Editing is a post-production technique in which the footage shot during production is cut up and reassembled in such a way as to tell the story.
- Long Takes: takes of an unusually long length, i.e. more than a few seconds. Shooting on digital video makes long takes easier so they are getting more common.
- Short Takes: takes that only last for a few seconds.
There are two basic types of editing: Non continuity and continuity.
'Continuity Editing' is the standard style of editing used in TV and films.
- Help the audience to know what is going on, and predict what is going to happen next.
- Shifts audience interest from general things to the specific things.
- To cut to different locations or between events happening at two places at once.
- To leave out unnecessary parts of the action and compress time.
- To vary points of view.
- To build suspense and tension.
- Imply emotion.
- Create rhythm and pace.
In continuity editing the audience should not notice the editing, because they should be paying attention to the story and the emotional journey of the characters. It should be invisible.
Continuity Editing Techniques
- Establishing/Re-establishing Shot.
- The 180 degrees Line Rule.
- Action Match.
- Insert Shots.
- Shot-Reverse Shot Structures.
- Eyeline Match.
Establishing Shots/Re-establishing Shots The role of an establishing shot is to tell the audience where the scene is going to place. It uses mise-en-scene to establish the diegesis of the story world. Sergi Eisenstein = vertical montage - justaposition image and other elements. Master Shot A Master Shot is a shot that shows the audience the whole scene in a wide shot. Establishing and Master Shots use mise-en-scene and iconography to establish the temporal and geographic diegesis and verisimilitude of a scene, to establish spatial relationships and to represent people and places.
Transitions A transition is simply any method for switching from one image to another,
- The Cut is the simplest and by far the most frequently used transition, in which one shot is instantaneously replaced by the next.
- The Dissolve involving the outgoing shot gradually disappearing while the incoming shot gradually appears.

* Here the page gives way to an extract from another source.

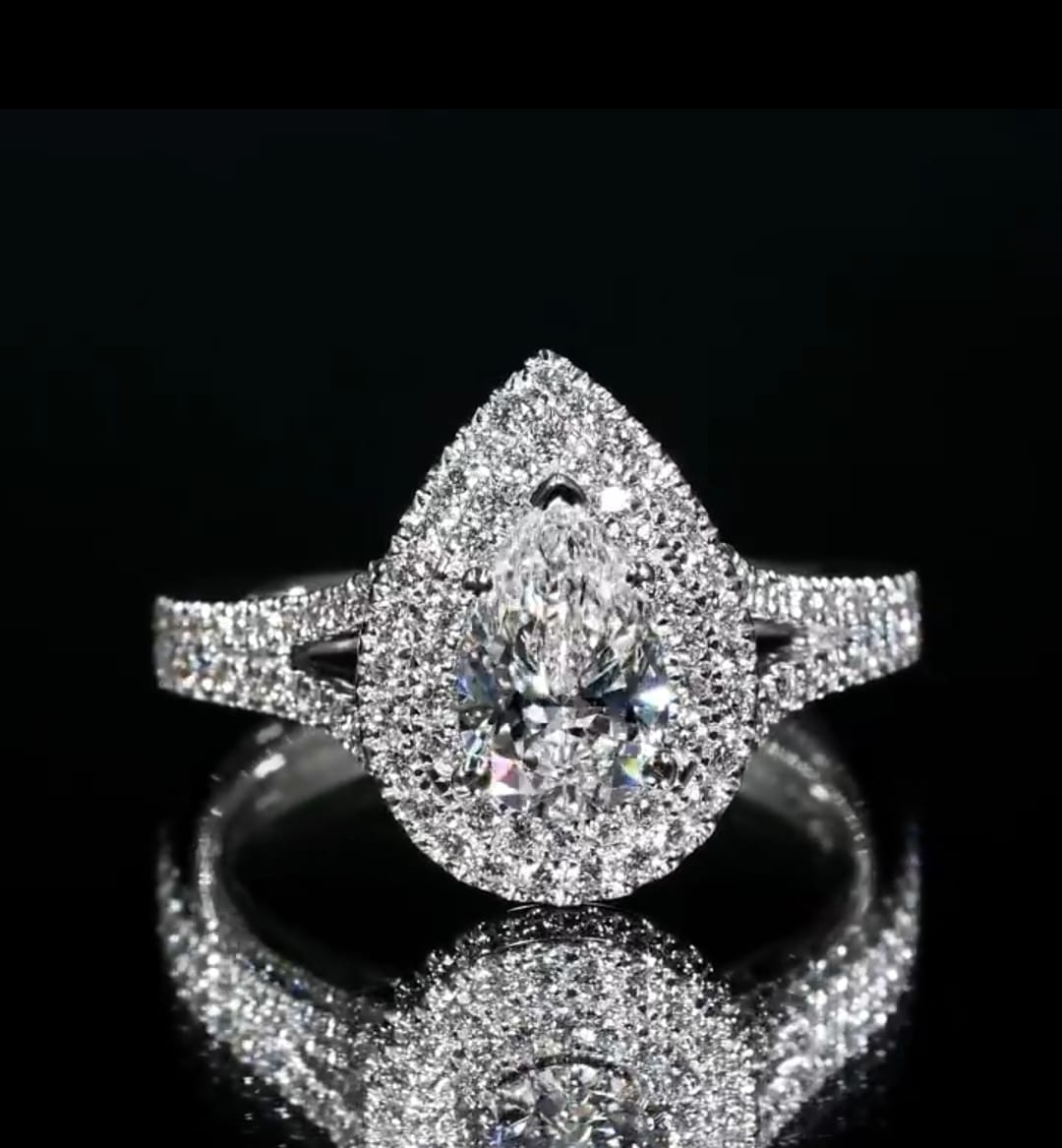 Direct top-down view of a pear cut double halo diamond engagement ring reflecting brilliantly on a dark mirror background.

- The Fade. A Fade Out is the gradual darkening of the shot until the image disappears, leaving a black screen. A Fade In is where a dark screen gradually gets brighter.
- Wipe - one picture chases another off screen.
- Not as distracting.
- not as noticeable.
- Less tacky.
- Show binary opposite contrast i.e. good and evil.
- End of scene.
- Show change of time and location.
Fade Out/Fade In:
- End of something or start.
The 180 degree Rule
in order to avoid disorienting of the viewer, directors film successive shots by keeping to one side of an imaginary 180 degree line.
An Action Match is where two shots in which an action began in the first shot is completed in the second shot disguising the fact that there has been a cut, i.e. the cut should be placed when something is moving, which makes the cute less noticeable because the audience are distracted by the movement.
Crosscutting or Parallel Action refers to an editing sequence that alternates shots of two or more narrative strands occurring in different places, usually simultaneously.
A Cutaway is a shot of an object, person, location etc. that is not part of the main scene but has relevance to it.
An Insert Shot is a close up shot designed to draw the audience's attention to something that was only a part of the previous shot.
Shot-Reverse Shot Structure
Shot-Reverse shot structures juxtapose two images in order to create a link between them, they are used to link things in conversations, gun-fights, chases, eye-liner matches etc. Over the shoulder shots are commonly is used in conversation shot-reverse shot structures. Can show binary opposite.
An eyeline match is a kind of shot-reverse shot structure, which shows what a character is looking at. Shots of characters looking at something that cannot be seen by the audience are usually followed by a cut to the object or person being looked at.